Assume a process that samples uniformly at random from the range $[1,\ldots,n]$. I am interested in the expected time to find a duplicate given only that the sampling process is pairwise independent. That is I would like to find the expected time until a sample matches one of the samples taken before.
One way to compute the expected time is $E=\sum_{x=1}^\infty P(X \geq x).$ Here $X$ is a random variable that represents the time at which the first duplicate is found.
If the samples were fully independent then we would have that $\sum_{x=1}^\infty P(X \geq x) = \sum_{x=1}^\infty \prod_{i=1}^{x-1} (1-i/n).$ We can bound this quantity using the fact that $e^{-2x} \leq 1-x \leq e^{-x}$ when $0 \leq x \leq 0.5$ and then bound the resulting sum using an integral. This gives an asymptotic bound of $\Theta(\sqrt{n})$ steps.
How would you perform a similar analysis where we only have pairwise independence and also preferably get an asymptotic result rather than just an upper bound?
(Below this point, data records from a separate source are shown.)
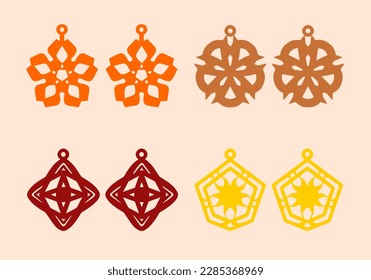 A collection of Earrings templates with geometric shapes. Isolated stencils pattern suitable for handmade work, laser cutting and printing. Jewelry Template.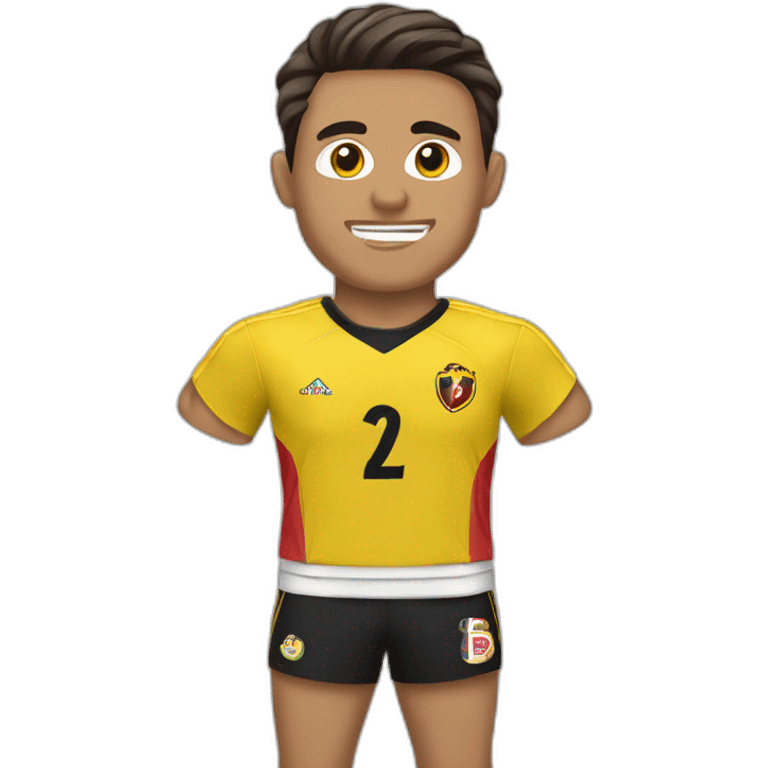 jugador de futbol con playera del chapulin colorado emoji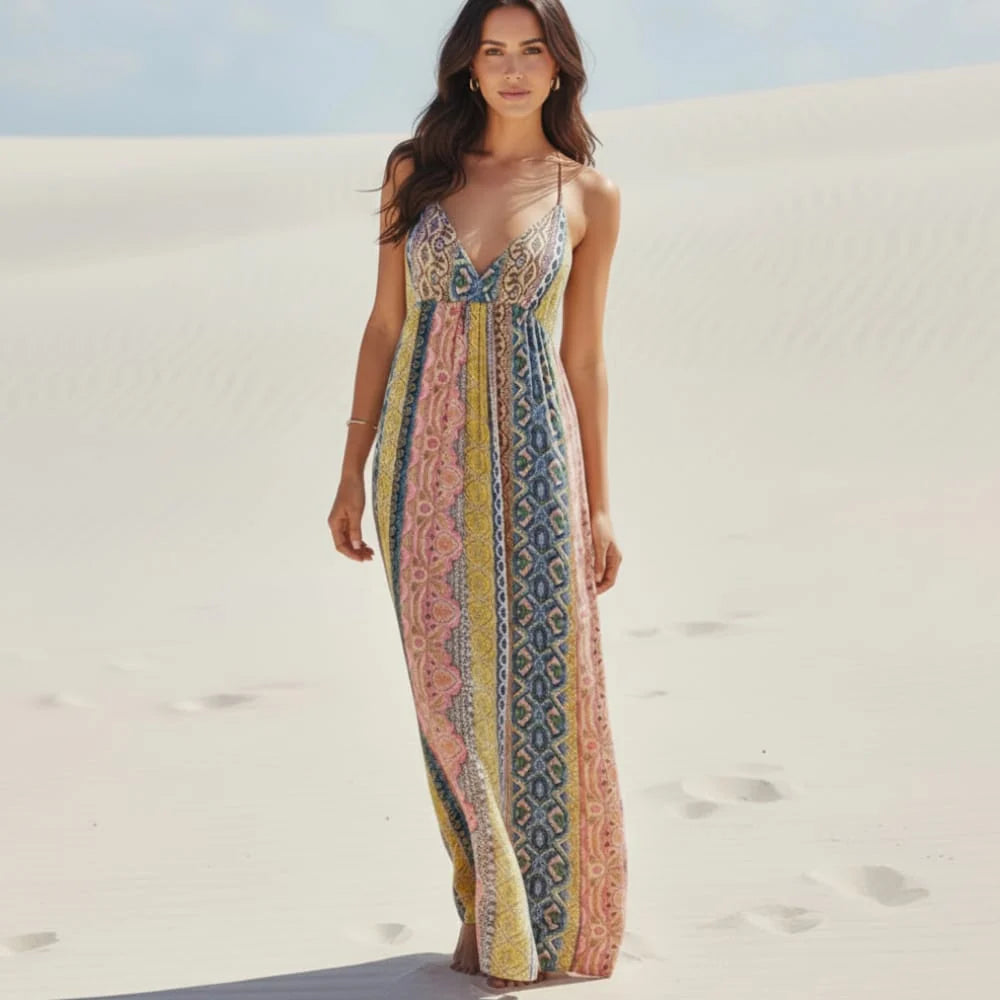 Sexy Deep V Neck Bohemian Print Maxi Dress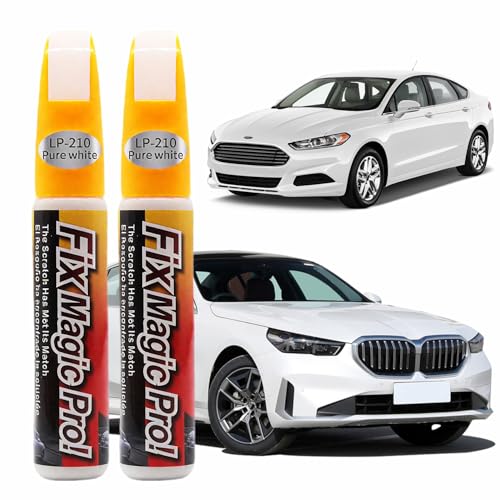 Pure White Touch Up Paint for Cars, 2 in 1 Car Paint Scratch Repair Kit, Lasting Auto Car Scratch Remover Pen - Color Accurate, Quick Drying, Safe & Easy to Use, Weatherproof Fits All Car Models 2PCS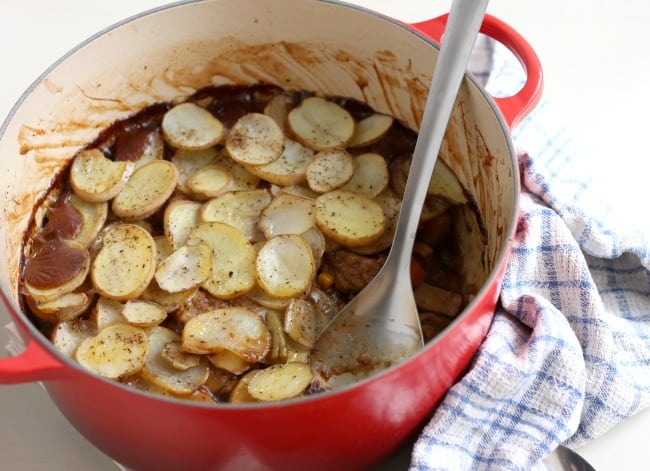 Vegetarian sausage hotpot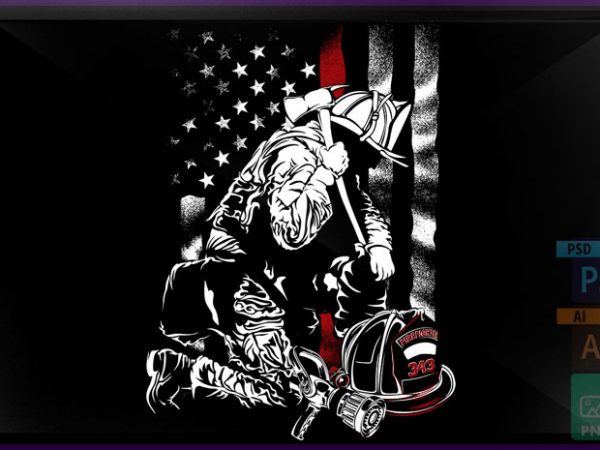 Firefighter red line print ready vector t shirt design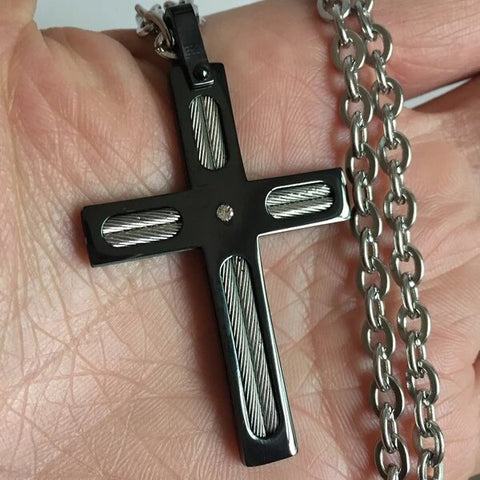 Black Plated Stainless Steel Titanium Wire Cross Pendant Necklace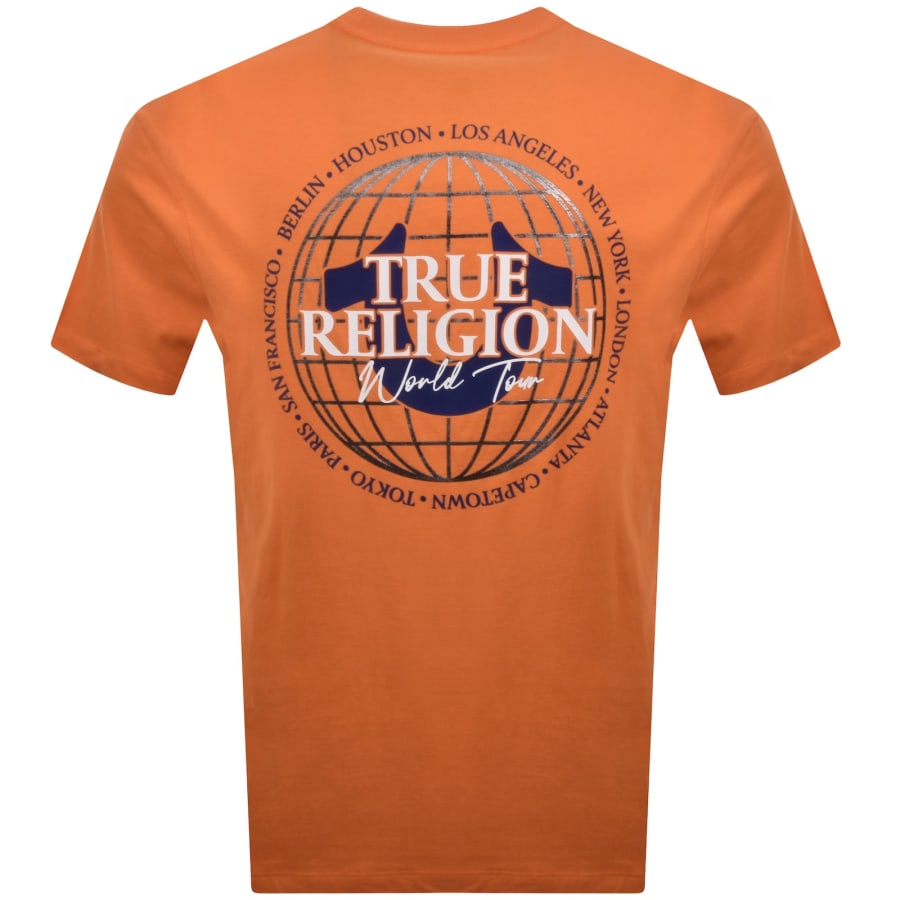 True Religion World Tour T Shirt Orange | Mainline Menswear us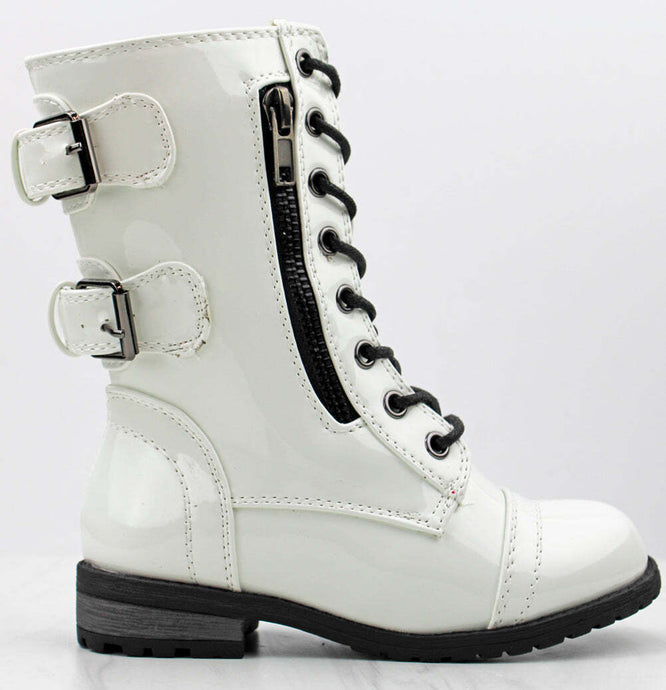 White Little Girls Fashion Boots
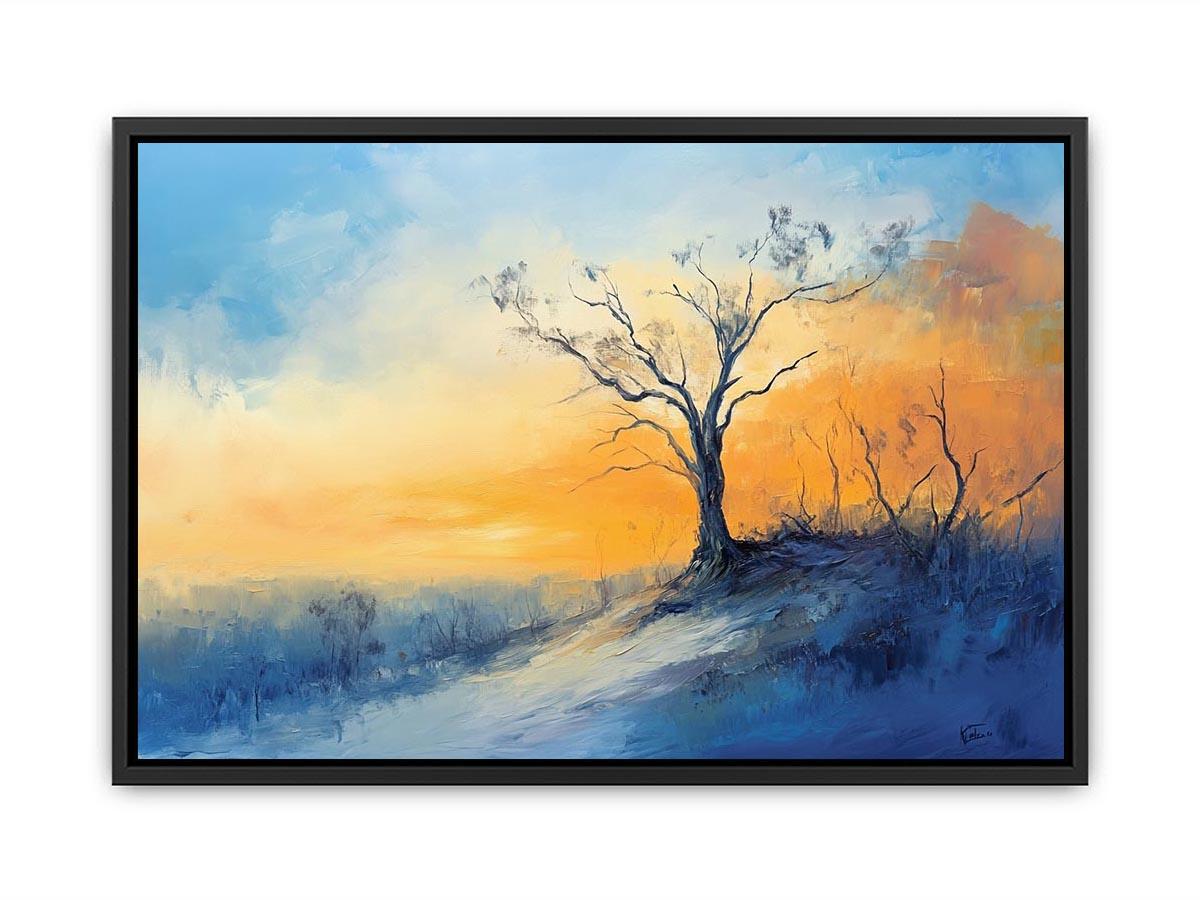 Winter hillside canvas art with solitary tree and soft sunrise colors for calming bedroom decor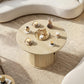 Round Coffee Table, 31.5" Center Table, Natural Wood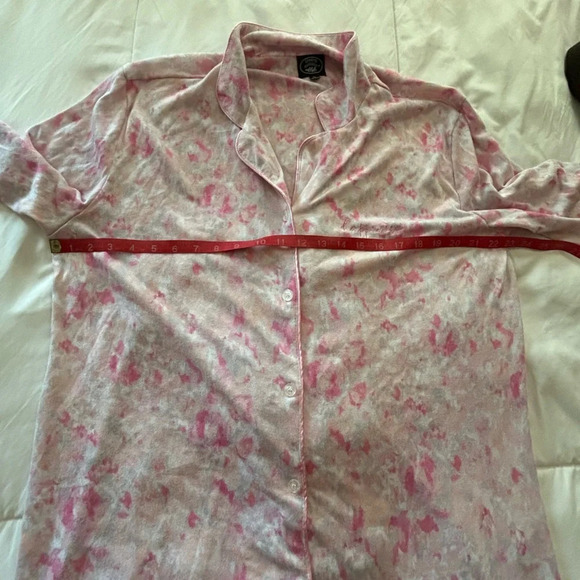 Laura Ashley Pink XL Knit Button Front Sleep Shirt Nightgown HAPPINESS - Picture 6 of 7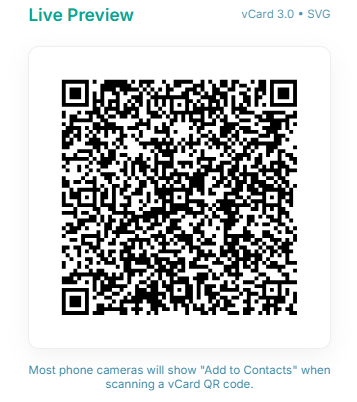 Generated vCard QR code visible with the 'Download' button.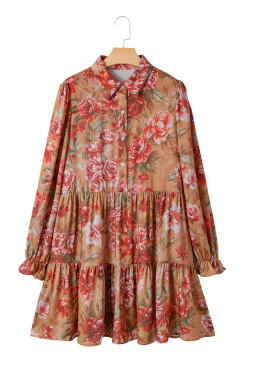 Brown Floral Print Shirt Style Long Sleeve Ruffle Mini Dress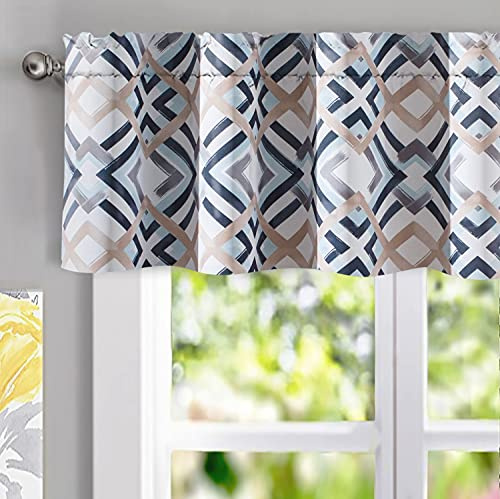 DriftAway Diamond Trellis Watercolor Geometric Checker Plaid Pattern Blackout Thermal Insulated Energy Saving Window Curtain Valance Rod Pocket Single 52 Inch by 14 Inch Plus 1.75 Inch Header Navy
EDIT: Following Henry's great reply, I would really like to know a lower bound as well as the upper bound he has given. In particular, does the lower bound for fully independent sampling of $\Omega(\sqrt{n})$ also apply to this pairwise independent case? Or alternatively, can anyone think of a pairwise independent process that has mean less than order $\sqrt{n}$?